In the material below, find the line containing "Nike basketball shoes" and the line containing "อาหารและเครื่องดื่ม, โรงแรมเออร์เบิน ยาร์ด". Output those two lines and all lines between them exactly, without pictures.

The records section start

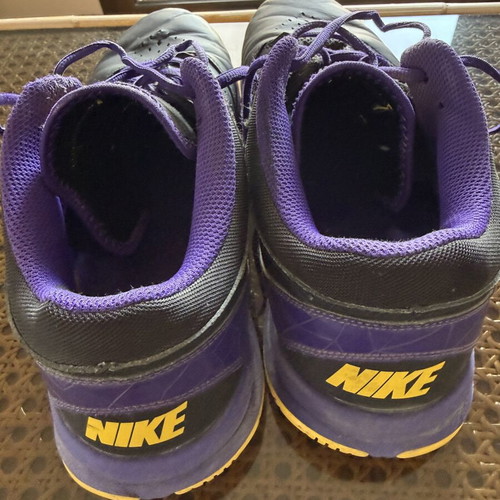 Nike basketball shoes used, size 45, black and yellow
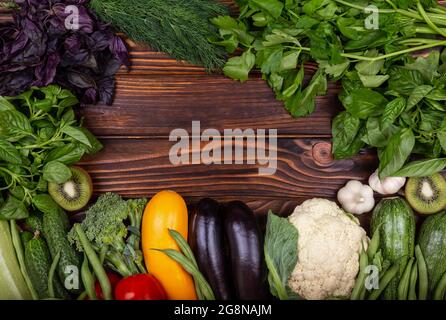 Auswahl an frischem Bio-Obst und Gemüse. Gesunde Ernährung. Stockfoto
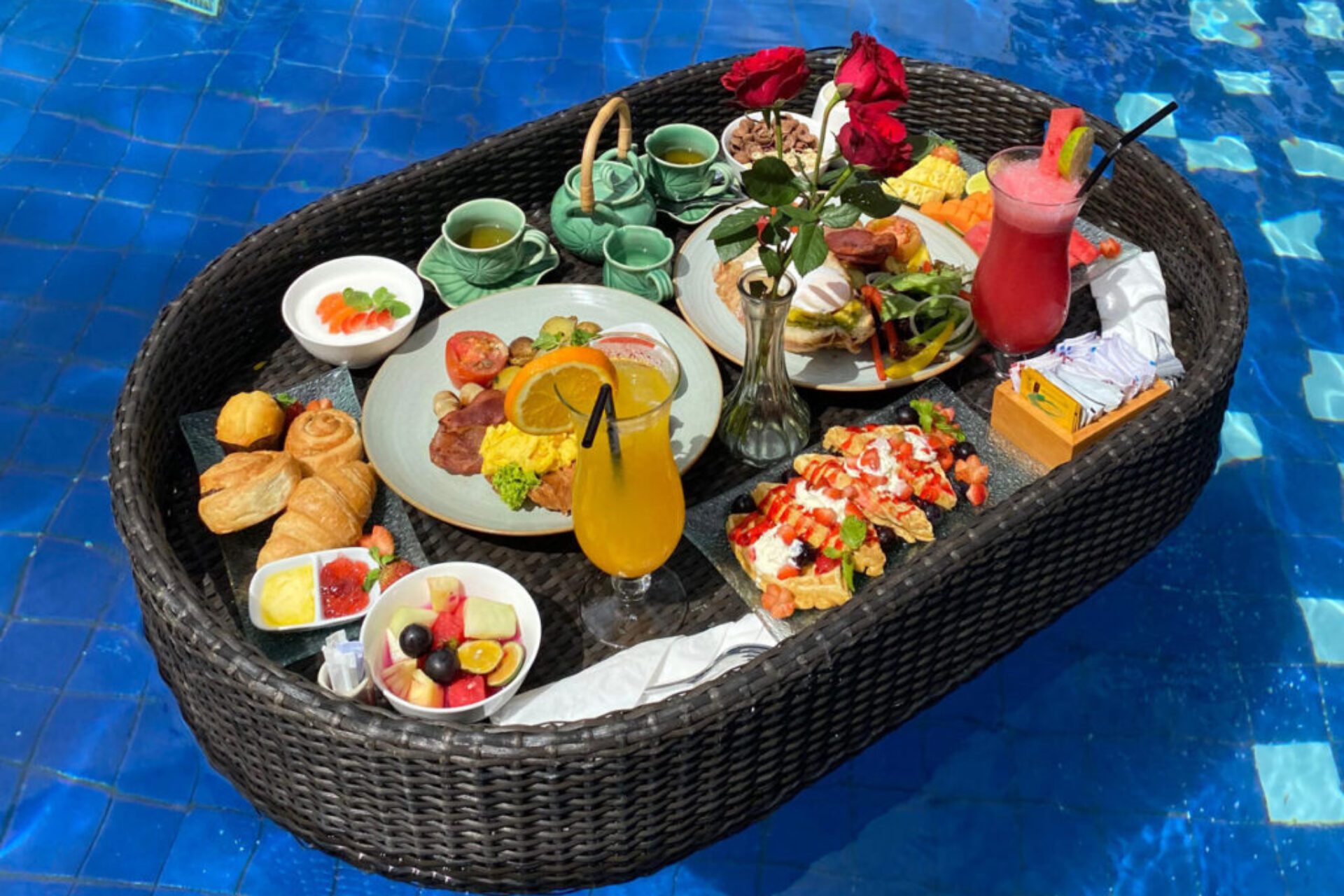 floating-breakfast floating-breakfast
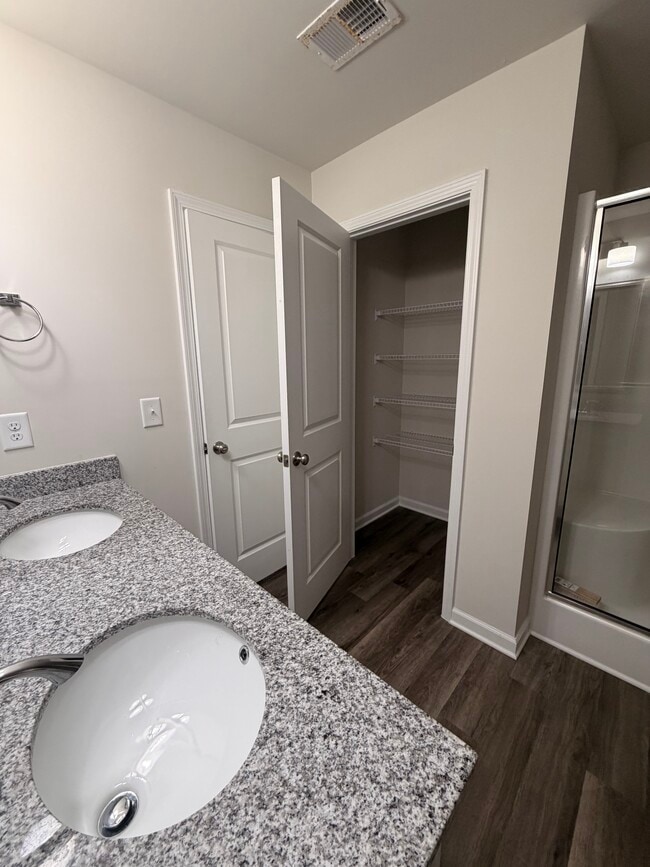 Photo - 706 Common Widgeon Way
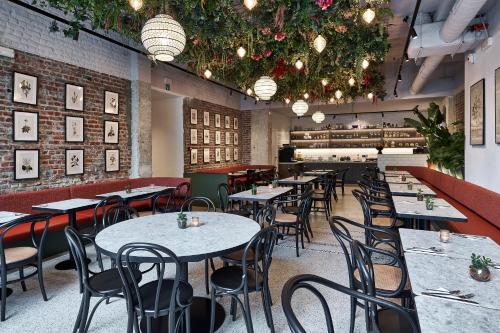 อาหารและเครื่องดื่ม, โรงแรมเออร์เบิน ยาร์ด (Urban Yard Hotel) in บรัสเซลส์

The records section end
The records section start

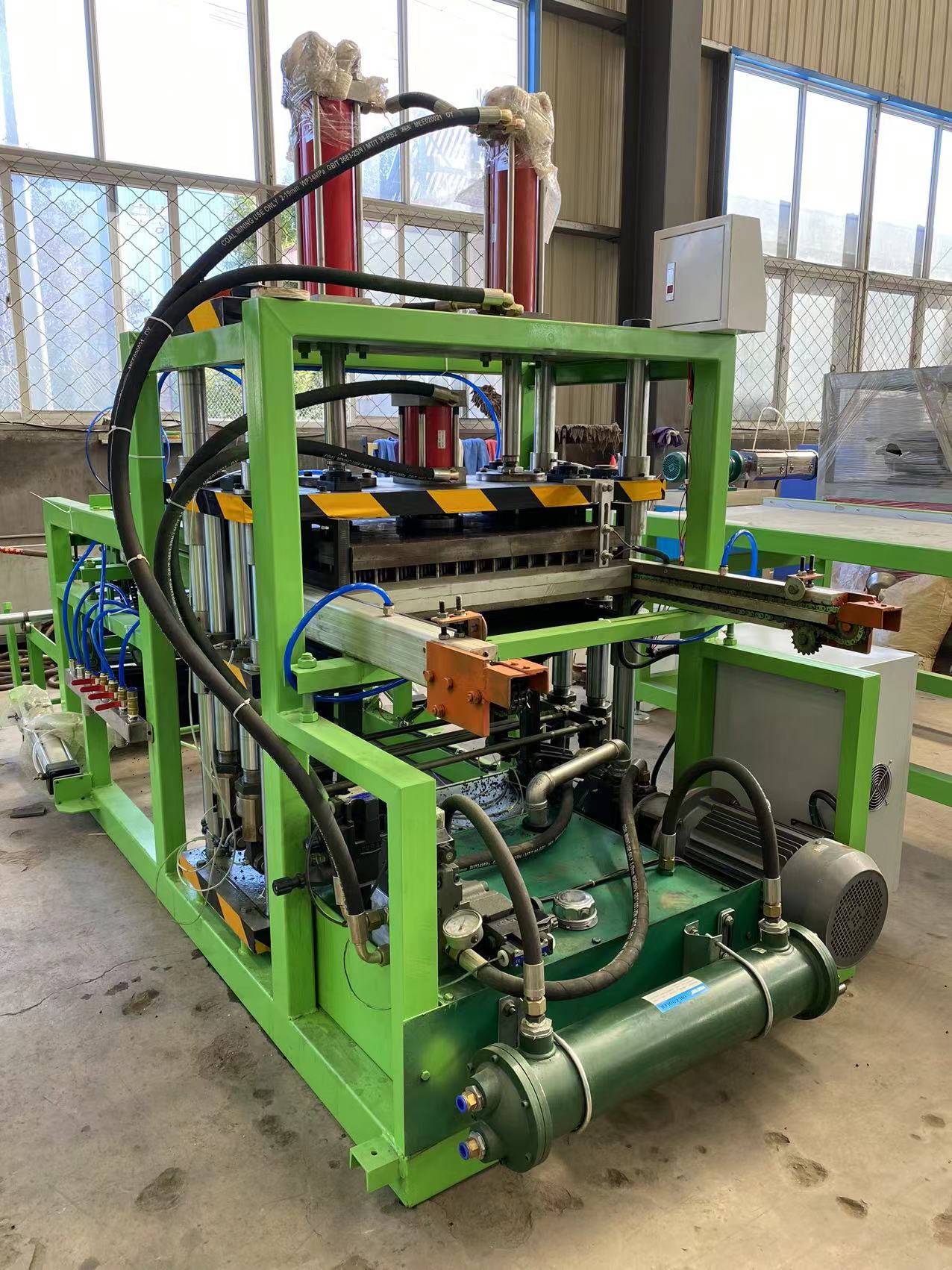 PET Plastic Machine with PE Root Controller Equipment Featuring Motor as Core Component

The records section end

Response area:
 Nike basketball shoes used, size 45, black and yellow
 Auswahl an frischem Bio-Obst und Gemüse. Gesunde Ernährung. Stockfoto
 floating-breakfast floating-breakfast
 Photo - 706 Common Widgeon Way
 อาหารและเครื่องดื่ม, โรงแรมเออร์เบิน ยาร์ด (Urban Yard Hotel) in บรัสเซลส์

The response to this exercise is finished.